> **WHAT THE TASK REQUIRES**
Your answer must be the full listing below, restated word for word, with no pictures in it.

> **INFORMATION SUPPLIED**
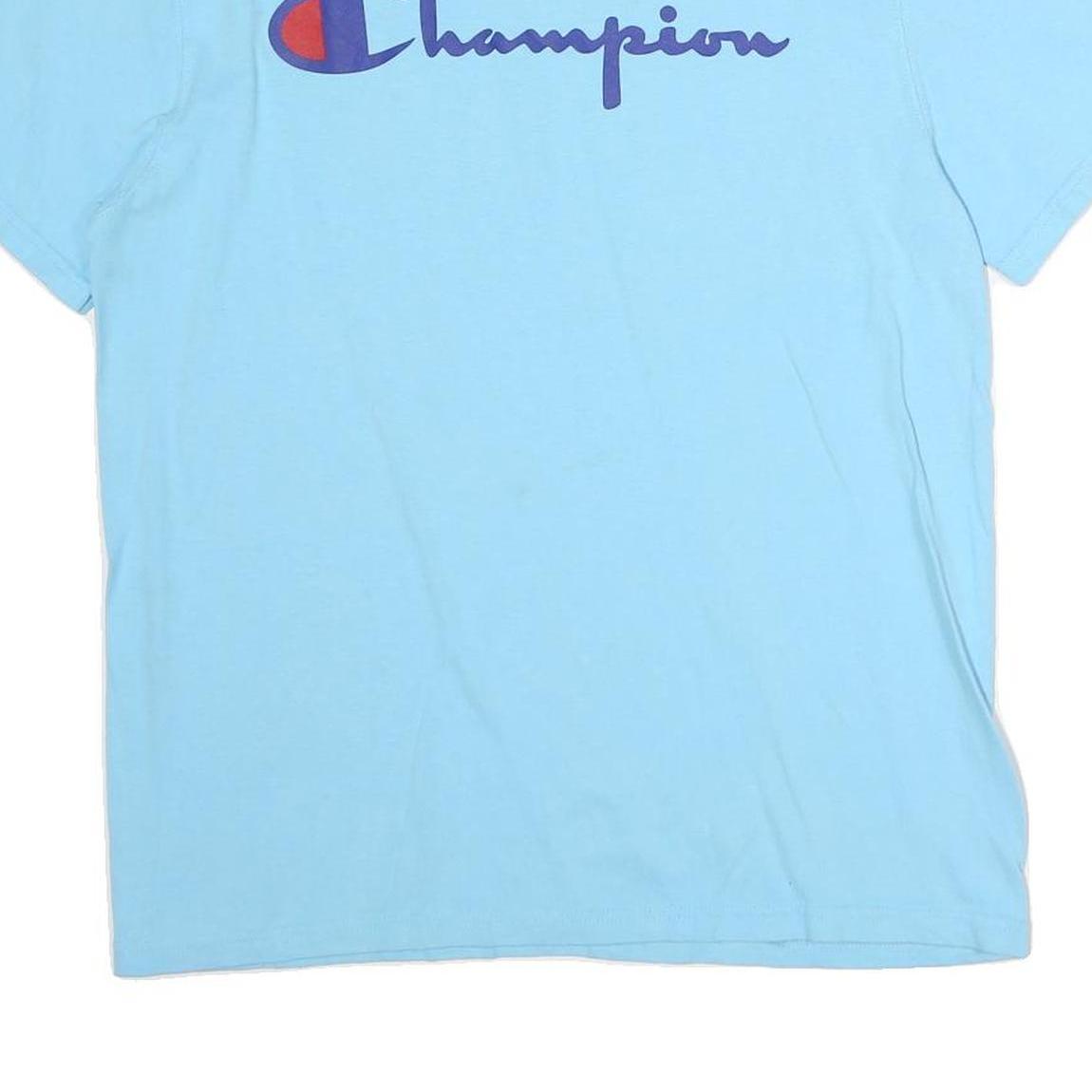CHAMPION Mens Blue Cotton T-Shirt M Short Sleeve Crew Neck Printed Logo
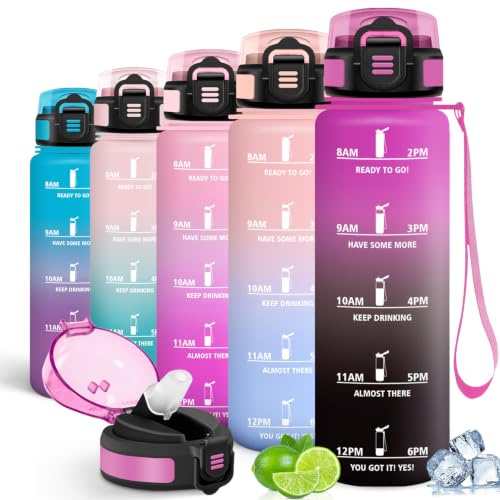 Motswedi Gourde Sport 1L, avec Paille, Bouteille d'eau avec Marqueur de Temps, Bouteille Plastique, Gourde 1 Litre, pour le Fitness, la Gym et les Sports de Plein Air, Fushia & Noir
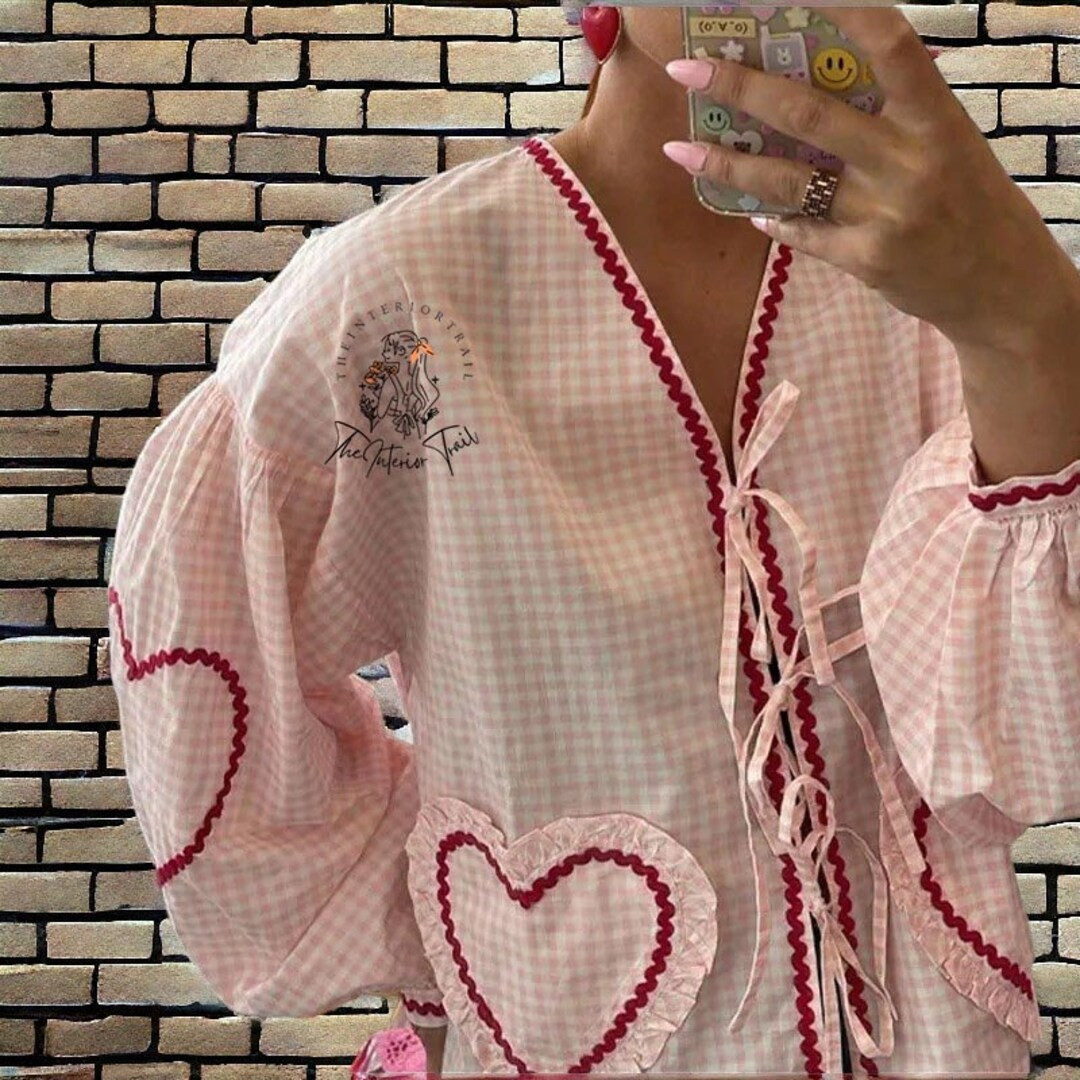 Plaid Bow Lace up Heart Pockets Shirt Women Pink Stripe Blue Long Puff Sleeve V-neck Casual Blous... | Etsy (US)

> **ANSWER**
CHAMPION Mens Blue Cotton T-Shirt M Short Sleeve Crew Neck Printed Logo
 Motswedi Gourde Sport 1L, avec Paille, Bouteille d'eau avec Marqueur de Temps, Bouteille Plastique, Gourde 1 Litre, pour le Fitness, la Gym et les Sports de Plein Air, Fushia & Noir
 Plaid Bow Lace up Heart Pockets Shirt Women Pink Stripe Blue Long Puff Sleeve V-neck Casual Blous... | Etsy (US)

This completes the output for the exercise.